Art Engstrom

Profile
- Position: Guard

Personal information
- Born: August 23, 1898 Duluth, Minnesota, U.S.
- Died: April 10, 1953 (aged 54) Duluth, Minnesota, U.S.
- Listed height: 5 ft 9 in (1.75 m)
- Listed weight: 185 lb (84 kg)

Career information
- High school: Valparaiso (IN)
- College: Chicago

Career history
- Duluth Kelleys (1924);

Career statistics
- Games played: 1
- Games started: 1
- Stats at Pro Football Reference

= Art Engstrom =

American football player (1898–1953)

Arthur Edward Engstrom (August 23, 1898 – April 10, 1953) was an American football guard who played one season in the National Football League (NFL) for the Duluth Kelleys. He played college football for Chicago.

==Early life and career==

Engstrom was born on August 23, 1898, in Duluth, Minnesota. He attended Valparaiso High School in Indiana, before playing college football for Chicago. After graduating from Chicago, Engstrom played for the Duluth Kelleys of the National Football League (NFL) in .
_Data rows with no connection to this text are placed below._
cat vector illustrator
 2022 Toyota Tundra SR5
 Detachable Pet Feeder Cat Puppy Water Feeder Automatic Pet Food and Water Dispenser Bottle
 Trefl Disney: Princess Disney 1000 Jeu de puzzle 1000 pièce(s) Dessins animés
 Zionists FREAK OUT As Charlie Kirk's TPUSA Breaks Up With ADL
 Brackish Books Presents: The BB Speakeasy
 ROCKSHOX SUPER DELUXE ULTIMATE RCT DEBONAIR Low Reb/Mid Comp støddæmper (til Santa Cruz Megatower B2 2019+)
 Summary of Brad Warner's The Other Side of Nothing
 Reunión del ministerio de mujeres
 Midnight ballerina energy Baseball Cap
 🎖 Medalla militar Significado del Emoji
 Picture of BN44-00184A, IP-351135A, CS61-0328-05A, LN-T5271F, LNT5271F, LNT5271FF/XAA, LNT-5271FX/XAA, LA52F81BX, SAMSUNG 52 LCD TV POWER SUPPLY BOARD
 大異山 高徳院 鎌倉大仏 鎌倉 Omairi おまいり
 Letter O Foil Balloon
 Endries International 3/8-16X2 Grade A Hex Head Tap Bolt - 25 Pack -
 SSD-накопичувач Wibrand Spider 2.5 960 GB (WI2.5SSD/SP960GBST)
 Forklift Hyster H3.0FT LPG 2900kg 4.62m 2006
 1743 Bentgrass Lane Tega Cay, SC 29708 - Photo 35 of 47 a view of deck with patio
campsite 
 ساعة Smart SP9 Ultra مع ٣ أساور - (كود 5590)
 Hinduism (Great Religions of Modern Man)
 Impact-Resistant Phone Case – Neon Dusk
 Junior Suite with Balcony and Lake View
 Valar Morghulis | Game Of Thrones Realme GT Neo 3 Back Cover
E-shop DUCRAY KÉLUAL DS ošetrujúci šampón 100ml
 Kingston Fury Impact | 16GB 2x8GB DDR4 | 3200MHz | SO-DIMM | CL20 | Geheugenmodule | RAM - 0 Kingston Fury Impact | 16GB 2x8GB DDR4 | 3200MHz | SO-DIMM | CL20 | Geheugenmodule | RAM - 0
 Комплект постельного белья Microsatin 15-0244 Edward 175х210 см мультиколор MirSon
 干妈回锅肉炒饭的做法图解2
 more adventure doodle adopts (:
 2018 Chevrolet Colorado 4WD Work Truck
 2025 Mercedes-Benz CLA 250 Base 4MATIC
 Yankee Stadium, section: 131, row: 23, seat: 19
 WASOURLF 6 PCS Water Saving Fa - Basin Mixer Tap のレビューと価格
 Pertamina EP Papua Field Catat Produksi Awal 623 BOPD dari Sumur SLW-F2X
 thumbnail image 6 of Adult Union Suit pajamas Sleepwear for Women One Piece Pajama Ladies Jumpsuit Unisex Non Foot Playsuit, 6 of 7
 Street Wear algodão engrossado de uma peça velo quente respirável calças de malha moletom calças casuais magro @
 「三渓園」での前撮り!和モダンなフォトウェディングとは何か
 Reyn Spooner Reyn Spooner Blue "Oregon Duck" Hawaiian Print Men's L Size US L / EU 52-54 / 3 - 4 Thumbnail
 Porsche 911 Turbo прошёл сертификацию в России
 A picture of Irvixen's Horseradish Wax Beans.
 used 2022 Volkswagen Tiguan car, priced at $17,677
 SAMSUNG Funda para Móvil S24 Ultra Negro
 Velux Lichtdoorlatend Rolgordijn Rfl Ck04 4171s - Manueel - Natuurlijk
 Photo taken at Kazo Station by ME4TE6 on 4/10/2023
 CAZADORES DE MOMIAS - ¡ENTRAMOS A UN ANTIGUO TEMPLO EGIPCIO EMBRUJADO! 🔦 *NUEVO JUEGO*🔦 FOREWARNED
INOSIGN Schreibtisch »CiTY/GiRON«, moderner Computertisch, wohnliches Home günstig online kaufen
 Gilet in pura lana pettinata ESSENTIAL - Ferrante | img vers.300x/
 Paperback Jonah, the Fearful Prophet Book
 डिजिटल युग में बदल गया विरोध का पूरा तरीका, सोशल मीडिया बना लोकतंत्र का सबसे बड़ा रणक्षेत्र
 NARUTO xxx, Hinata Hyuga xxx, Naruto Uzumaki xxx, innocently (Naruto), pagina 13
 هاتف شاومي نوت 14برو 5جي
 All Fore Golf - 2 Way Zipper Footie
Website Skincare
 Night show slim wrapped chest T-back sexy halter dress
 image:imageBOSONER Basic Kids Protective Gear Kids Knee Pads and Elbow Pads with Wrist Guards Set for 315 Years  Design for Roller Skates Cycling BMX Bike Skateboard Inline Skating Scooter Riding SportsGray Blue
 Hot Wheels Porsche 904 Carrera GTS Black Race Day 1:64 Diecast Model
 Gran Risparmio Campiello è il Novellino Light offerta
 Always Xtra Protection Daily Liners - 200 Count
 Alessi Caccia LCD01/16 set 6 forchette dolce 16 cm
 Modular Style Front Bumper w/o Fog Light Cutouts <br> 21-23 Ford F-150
He appeared in two games. The first was an exhibition tie against the Ironwood Legion, in which he was starting left guard. He also started in the first game of the regular season, a 6–3 win over the Green Bay Packers. He did not play for the rest of the season, and was not on a team in the next year, finishing his career with just one game at the professional level.

==Death==
Engstrom died on April 10, 1953, in Duluth, at the age of 54.